Warnings from 2006 ... "And now, in 2008,  the chickens have come home to roost!" See the article below.


Day of Reckoning; America’s Economic Meltdown

By Mike Whitney

09/09/06 "Information Clearing House" - [link to www.informationclearinghouse.info] - There’s growing concern among economists and market-savvy pundits that the global financial system is hanging by a few well-worn threads that could snap at any time. The $10.4 trillion real estate “bubble” has attracted the most attention, but the shaky derivatives market, hedge funds, and falling dollar are equally worrisome. 20 years of deregulation has created an economic monster which is increasingly unmanageable and threatens to bring down the whole system in a heap.

As Gabriel Kolko said in a recent counterpunch article (“Why a Global Economic Deluge Looms” [link to www.counterpunch.org] ), “The entire global financial structure is becoming uncontrollable in crucial ways its nominal leaders never expected. Instability is increasingly its hallmark….Contradictions now wrack the world’s financial system, and if we are to believe the institutions and personalities who have been in the forefront of the defense of capitalism, it may very well be on the verge of serious crisis.”

Deregulation has reduced market transparency and created a plethora of financial instruments which are relatively untested and extraordinarily volatile. By eliminating the “rules of the game” the market big shots have raked in hefty profits but reshaped the economic landscape in a way that no one can predict what the ultimate outcome will be. The new investment-regime includes such opaque standards as credit derivatives, credit derivative futures, and collateralized debt obligations. Hedge funds are now loaded with these over-leveraged debt-instruments that promise a generous return in an “up-tempo” market, but certain doom in an economic downturn. Now, that the indicators are all pointing toward a slowdown or recession, the potentially devastating effects of this new “liberalized” system will soon be felt throughout the global economy.

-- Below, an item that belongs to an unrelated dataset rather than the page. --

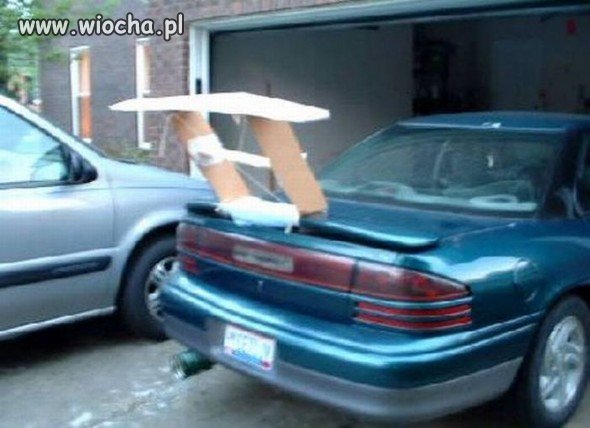 Pimp my Ride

Kolko’s article is a “must-read” for anyone who wants to get a better idea of the fragility of the present system. Americans have dumped trillions of their hard-earned savings into risky hedge funds which have only been in existence for a short period of time. No one knows what the future holds for these “flash-in-the-pan” investments. As Kolko says, “The credit derivative market was almost nonexistent in 2001, grew fairly slowly until 2004 and went into the stratosphere, reaching $17.3 trillion by the end of 2005.”

That’s right; a whopping $17.3 trillion, enough to sink the entire economy if the market takes a nosedive.

This whole idea of re-selling debt is a relatively new phenomenon and fraught with peril. Hedge funds can bundle together a slew of Adjustable Rate Mortgages (ARMs) and make a handsome profit, but when the housing market starts listing, the investor is trapped on a sinking ship with little hope of recouping his losses.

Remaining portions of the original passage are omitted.